Tourism Ethiopia and the Ministry of Culture & Tourism are planning an aggressive promotion campaign once the nation regains peace, according to Sileshi.

"Part of the plan will include inviting international tour operators, so they know that safety won't be an issue," he said.

Though there may need to be work done to reinstate what has been physically damaged throughout this time, the main challenges lie in ascertaining a sense of safety, according to the CEO.

"We don't know yet if through the conflict any valuable sites have been harmed," he said. "But the need to work on the perception of the country is present. This will require a lot of public relations work."

The sector has benefitted immensely from better days and should work toward a change in operation in accordance with the current needs, according to experts in the hospitality sector like Yonas Moges. He believes that attracting customers at this time will require flexibility in operations and a willingness to operate at a minimal profit.

"It seems that the entire sector is awaiting a better day when it should be brainstorming solutions," he said. "Many have shut their doors while holding onto whatever resources they have. This could well be two years down the road, and restarting those businesses that far into the future will have cost implications that may be even harder to bear."

Taking the necessary precautions and getting creative to get people through the door with offers like reduced prices is the way to go, he advised.

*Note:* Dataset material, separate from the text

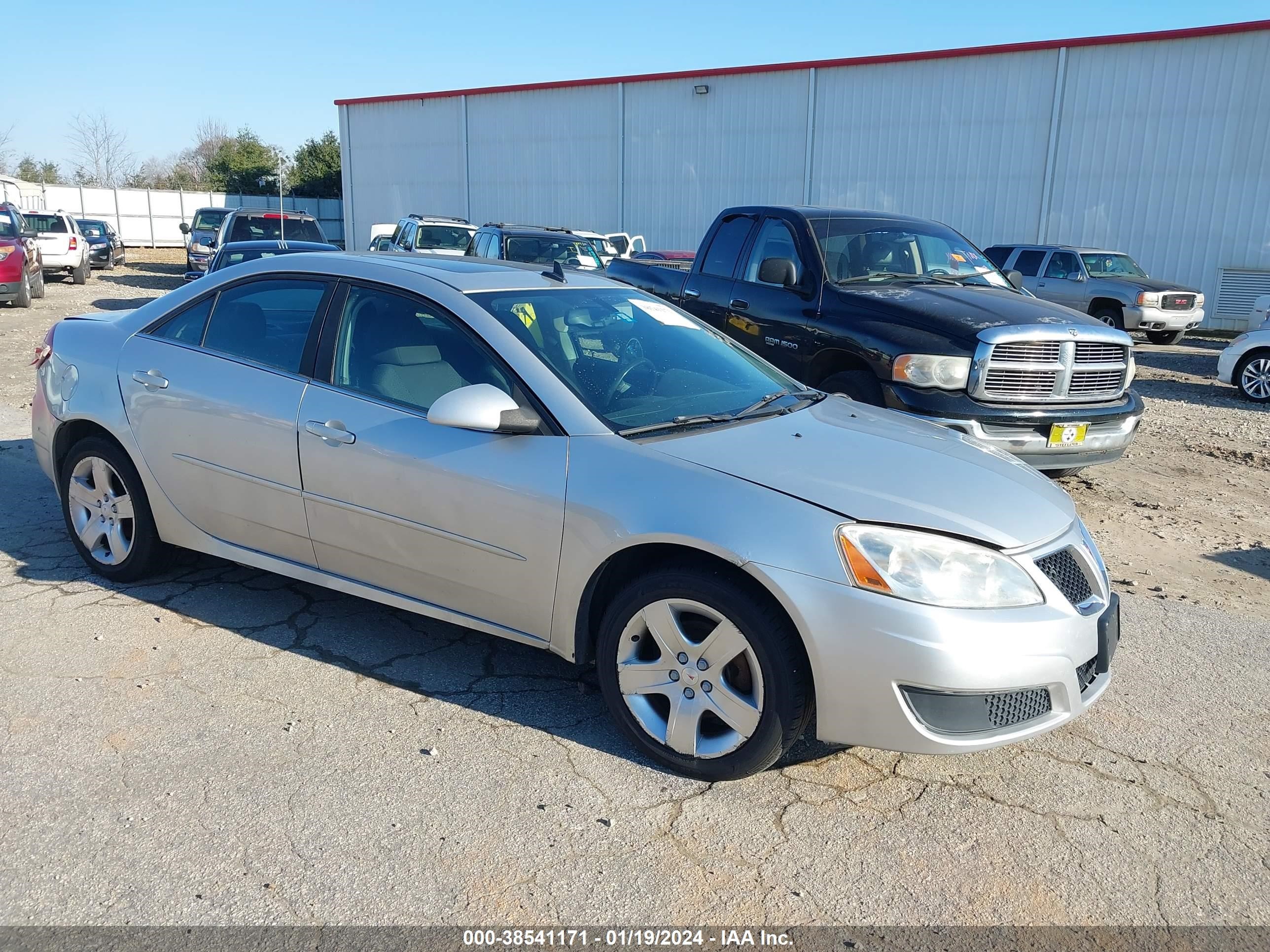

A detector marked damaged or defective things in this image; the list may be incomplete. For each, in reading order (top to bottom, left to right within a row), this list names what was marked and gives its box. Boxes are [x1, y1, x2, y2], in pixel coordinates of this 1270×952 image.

cracked asphalt [0, 251, 1265, 924] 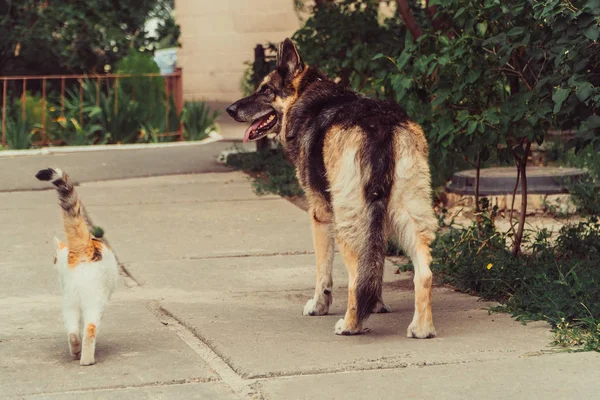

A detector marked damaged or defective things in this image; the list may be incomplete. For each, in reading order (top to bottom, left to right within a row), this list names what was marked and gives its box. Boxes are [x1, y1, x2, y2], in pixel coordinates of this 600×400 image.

rusty metal railing [0, 68, 183, 148] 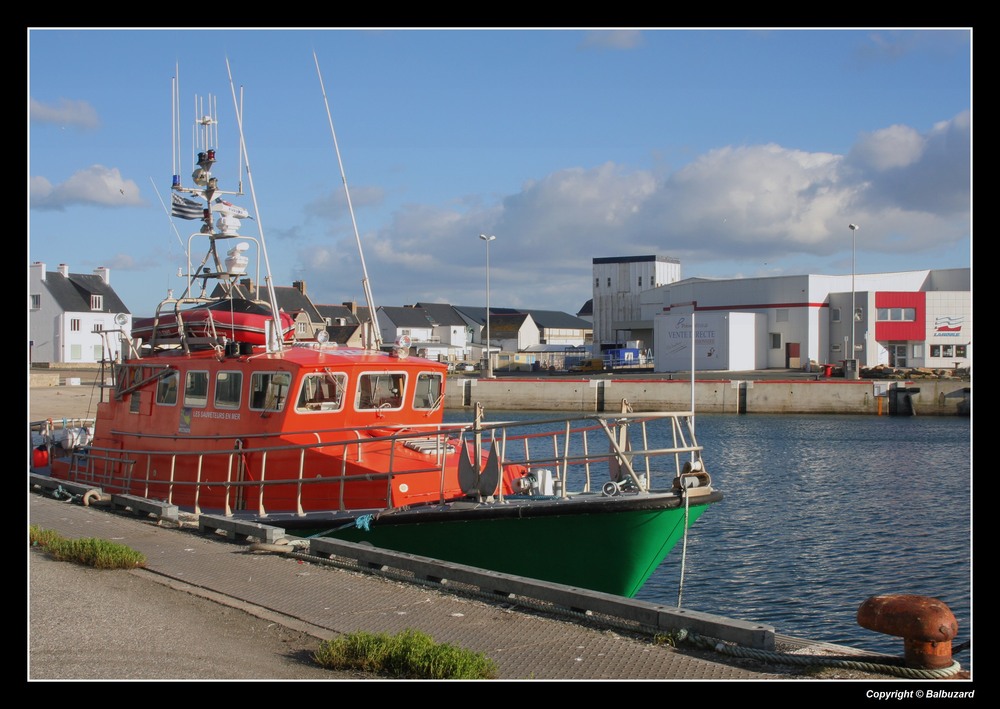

Thousands across the tourism value chain from tour operators to tour guides like Tariku are left to ponder the future of their industry. Tariku is now working with local tourists on trips not too far out of the city. It may not be as profitable as earlier, but it is still a source of income in an otherwise impossible situation.

"We have a couple of groups online where we organise hiking trips," he said.

He also plans to start school once it reopens and begin learning Chinese -- adding one more language to his portfolio while he waits things out with the rest of the world.